> Exercise input:
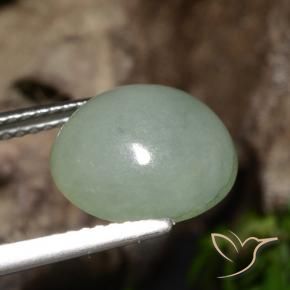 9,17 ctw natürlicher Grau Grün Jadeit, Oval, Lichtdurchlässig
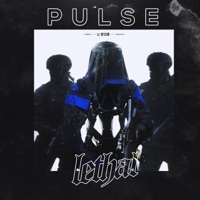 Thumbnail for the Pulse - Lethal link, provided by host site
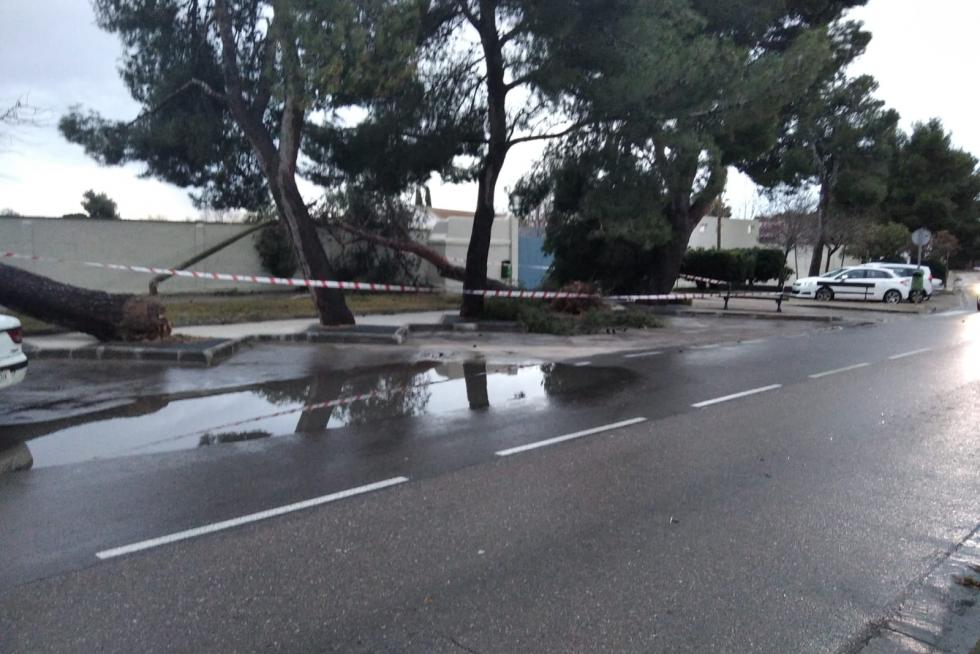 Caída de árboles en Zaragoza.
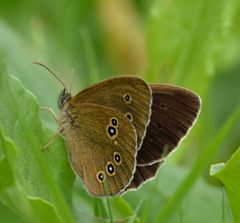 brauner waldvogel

--

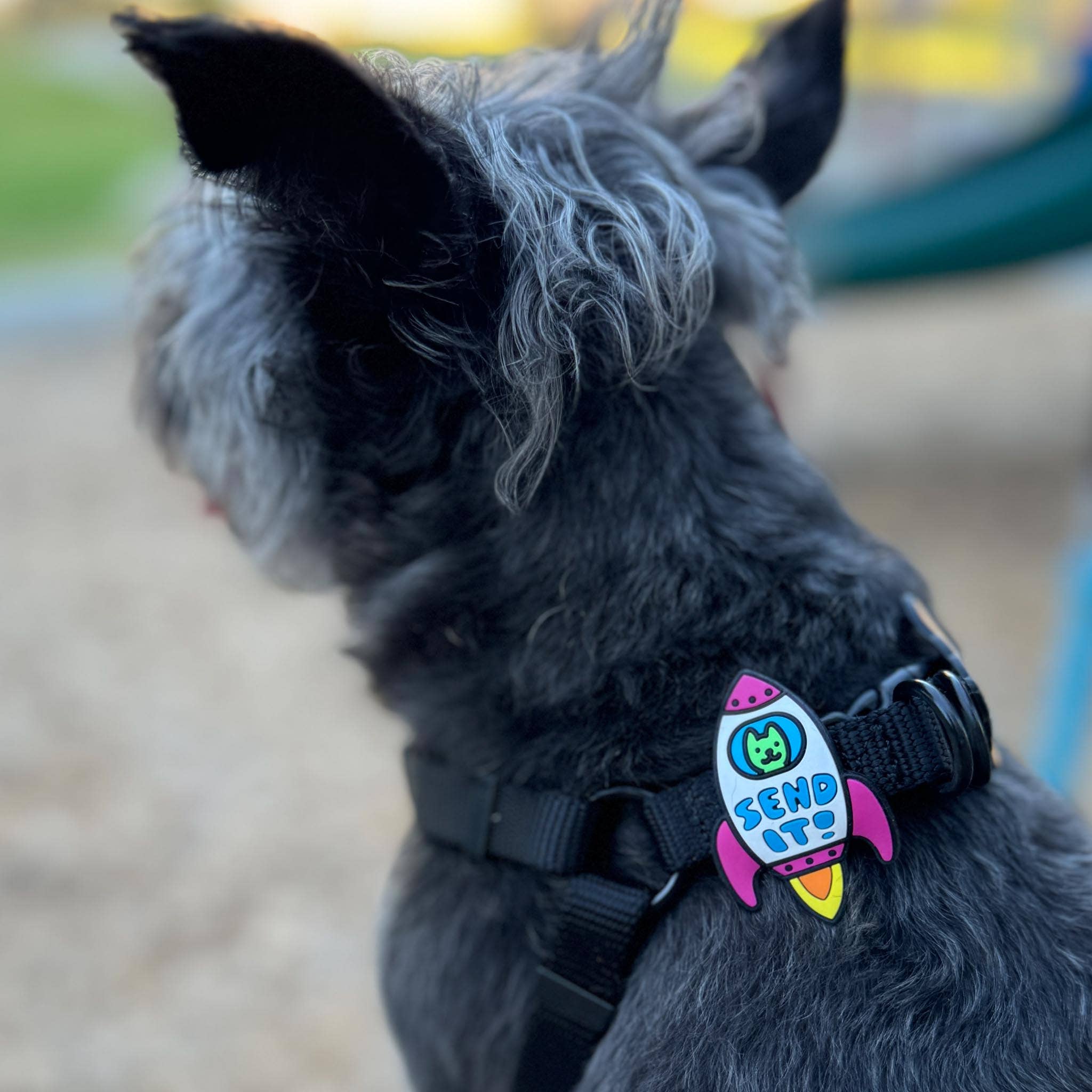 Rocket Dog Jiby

...

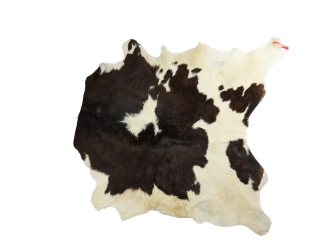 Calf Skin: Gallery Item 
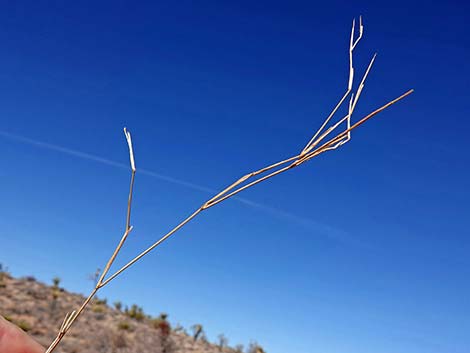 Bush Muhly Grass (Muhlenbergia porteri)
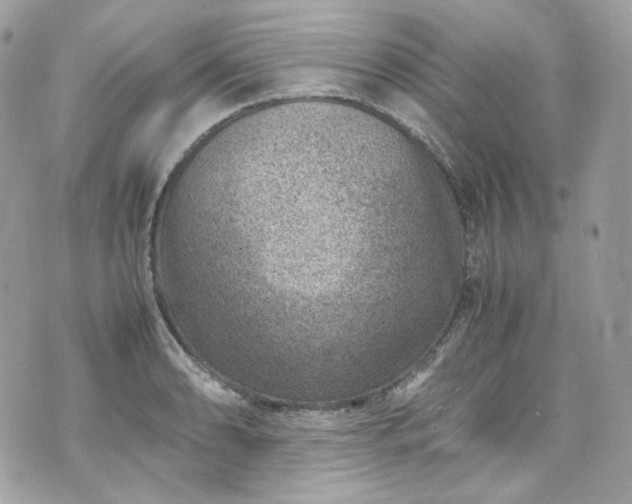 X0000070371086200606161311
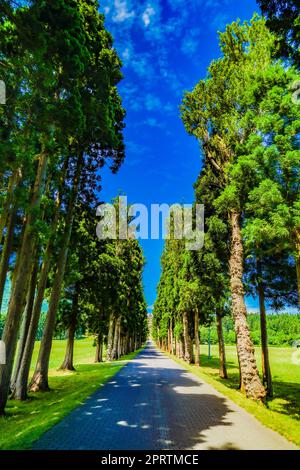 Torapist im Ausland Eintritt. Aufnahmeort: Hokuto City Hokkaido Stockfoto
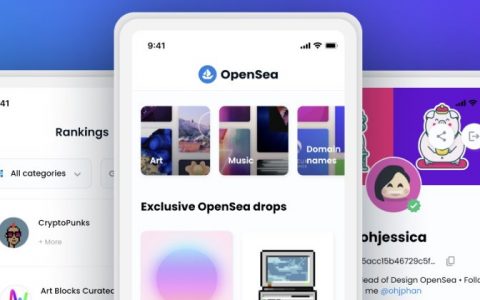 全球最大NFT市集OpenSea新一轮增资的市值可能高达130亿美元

> Work instruction: Everything between and including the line above containing "Thumbnail for the" and the line containing "brauner waldvogel" should be reproduced exactly, with pictures excluded.

> Expected output:
 Thumbnail for the Pulse - Lethal link, provided by host site
 Caída de árboles en Zaragoza.
 brauner waldvogel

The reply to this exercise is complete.